If you are a gay black man (or if your spirit animal would be in a Paris Is Burning remake), the talented one from Danity Kane has made an album just for you.
Beyonce who? This is truly the diva all the Children should be obsessing over. I have never in my life danced so hard to an R&B album. This will be my workout CD until further notice. I cannot stress how flawlessly Dawn Richard has combined percussive dance beats with emotional R&B. This isn’t dance music for pop fans. This isn’t R&B pitched for a pop market or pop with an R&B feel. This is R&B music…for people who want to really dance. This is Get It Done music.

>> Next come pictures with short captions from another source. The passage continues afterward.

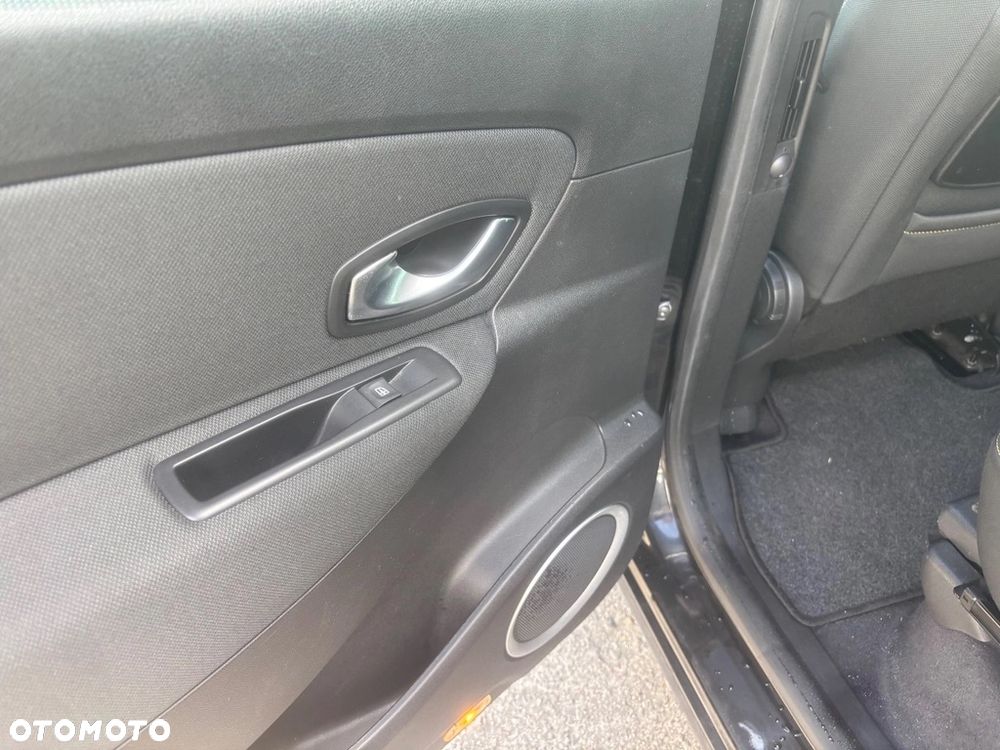 Renault Scenic TCe 130 Dynamique - 19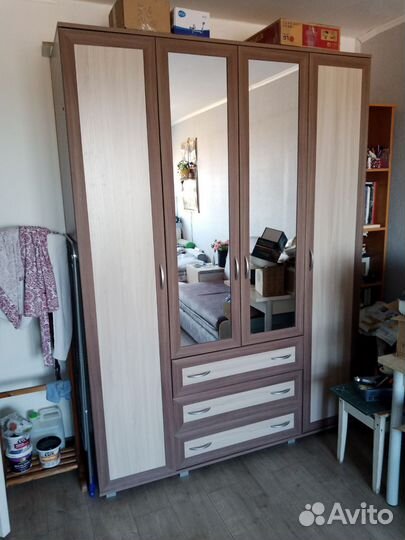 Шкаф 4 х створчатый
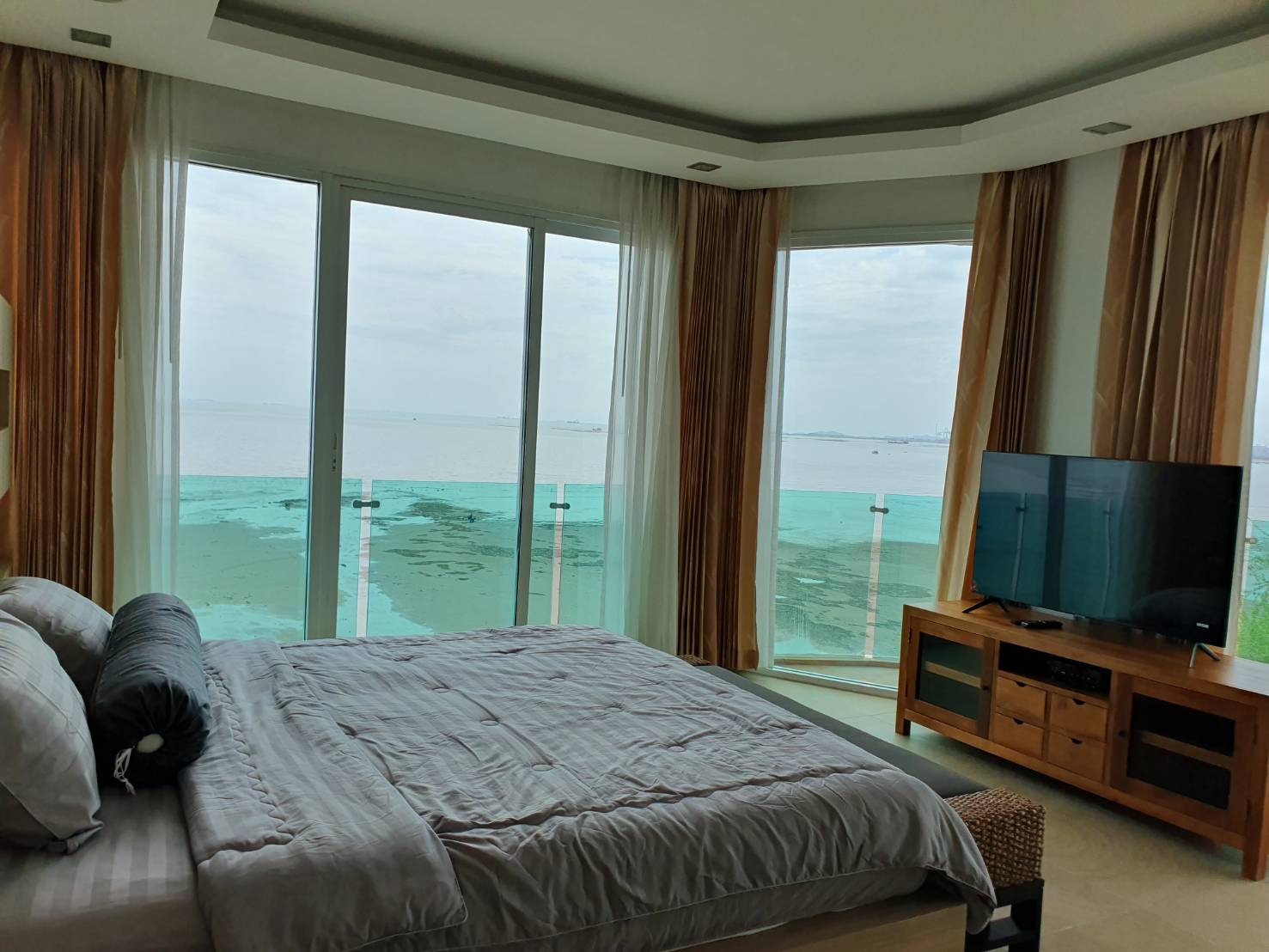 Paradise Ocean View photo 19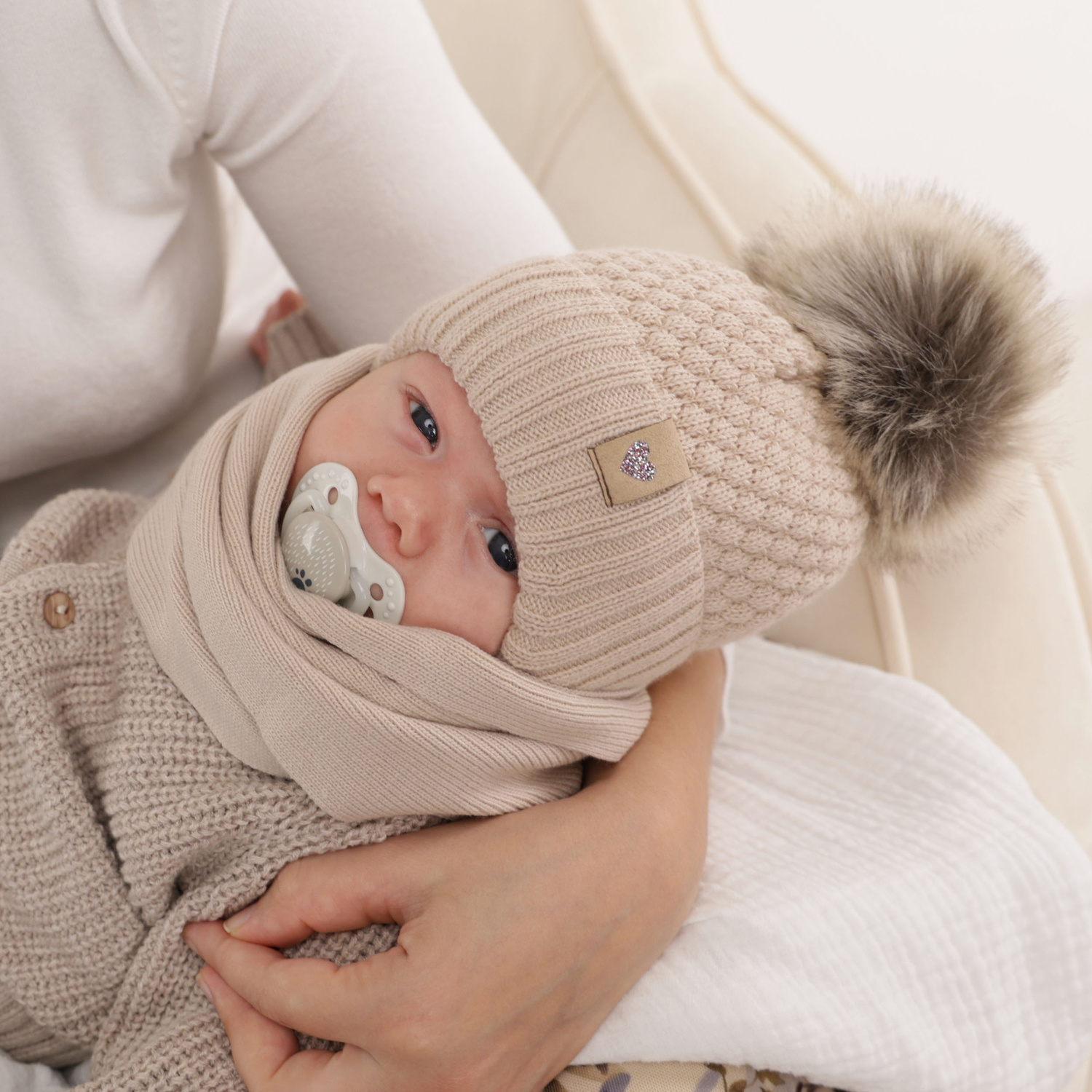 Lány téli szett: pomponos sapka és lila sál Bianca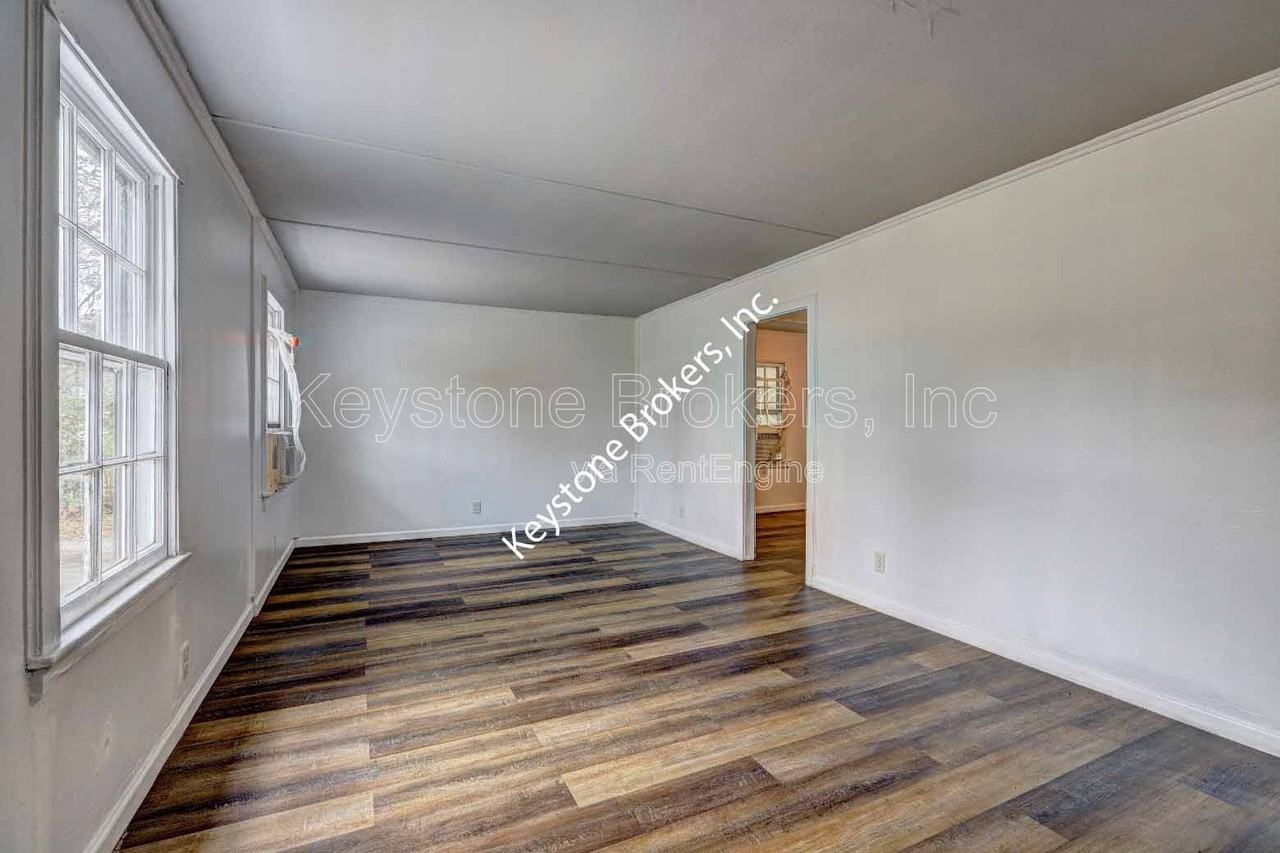 1212 Hartley St - Photo 2 of 11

Put your hair in a ponytail, put your heels to the side, put on the Stank Face, and PUT IN WERQ.
No one but a dancer could make an album with this much movement, but still grounded in R&B. The beats may be house, but the songs are pure soul music and there isn’t an ounce of fat on this album. Each track is completely necessary, even the intro.
Intros are usually weak, but Dawn sets up the album perfectly with “Call to Hearts.” It’s rare to find a track that you could chill out to as easily as you could choreograph some serious dance moves to, but that’s what she does on the intro and it’s the perfect appetizer for the rest of the album. The energy continues to build through “Black Lipstick” (which is a little reminiscent of the UK two-step of the early 00s) and hits its peak with the lead single “Bombs.” It’s full of attitude and swagger, but not quite as easily accessible as some of the other tracks on the EP. It takes a few listens to settle in completely, but the reward is well worth taking the time to really dig into.
"Automatic" and "Change" give you a little time to catch your breath—if you want. The rest of the EP hands you a choice depending on your mood: You can chill, or you can continue to dance. The beats are all there under the surface with R&B layered on top. Dawn really brings it home at the end with the trifecta of "Heaven," "Faith," and "Scripture." "Heaven" brings in a male voice to duet with Dawn’s supple alto over the most seductive beat on the album. "Faith" kicks it up a notch with handclaps and a lot of bass, then "Scripture" takes the album down to the cool-down, pulling out some old-school Sade tricks with lyrics that could just as easily be about God as they could be describing a relationship.
Pop music and dance music is very bright. You think strobe lights and glitter and happy, smiling people. This is dance music for a dark room, for a rainy night, for a basement party, and for the after-hours club. There’s nothing bright and glittery about any of this. Dawn Richard has managed to put two of my favorite things together—soulful R&B and music you can dance to—and made a sound all her own. Armor On is supposed to be the first of three EPs before her full-length debut later this year. I have my fingers crossed, but I don’t see how she could possibly top this perfection.